Problem description:
Nothing outside the range is to be copied. From the entries below, reproduce exactly the lines starting at the one with "Majorie Morningstar B000K03FFM Book Cover" and ending at the one with "Carven-Pattern-silikonska-narukvica-za-sat-20mm-Purple-3.jpg", without pictures.

Dataset excerpts:
>>>
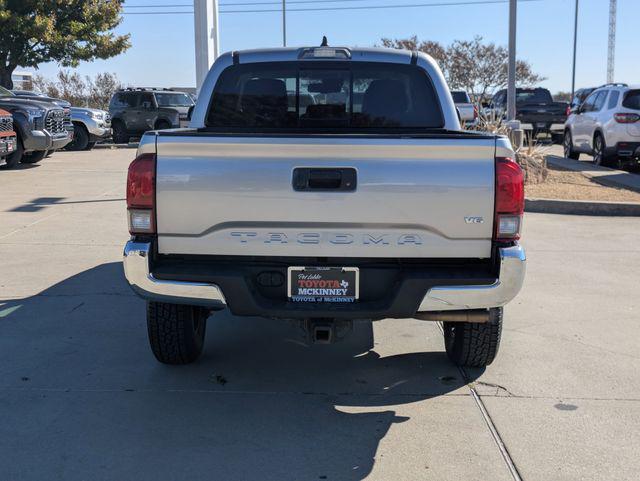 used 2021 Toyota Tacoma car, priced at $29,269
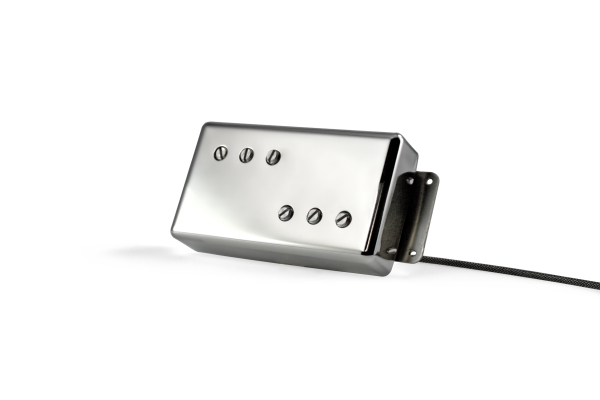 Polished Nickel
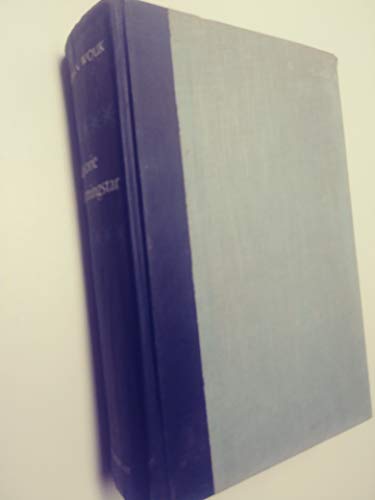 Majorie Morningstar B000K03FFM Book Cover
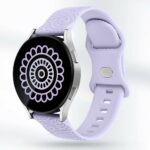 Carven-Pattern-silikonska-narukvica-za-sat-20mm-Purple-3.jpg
<<<
>>>
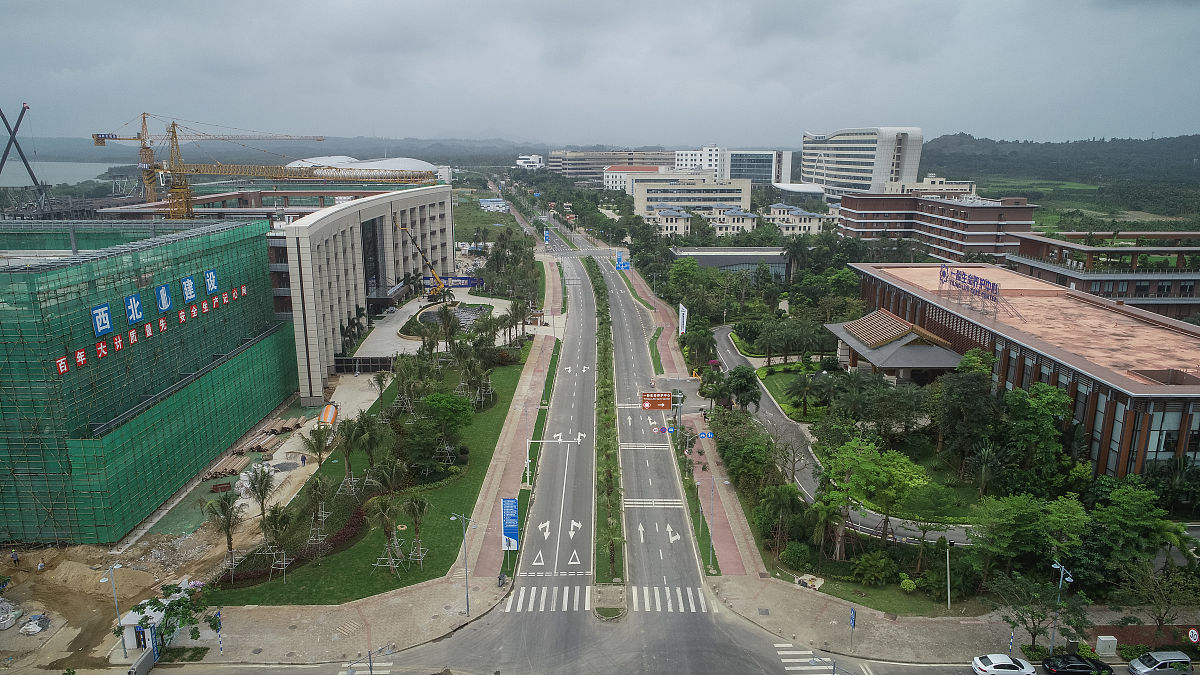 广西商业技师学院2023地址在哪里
<<<
Your solution:
 Majorie Morningstar B000K03FFM Book Cover
 Carven-Pattern-silikonska-narukvica-za-sat-20mm-Purple-3.jpg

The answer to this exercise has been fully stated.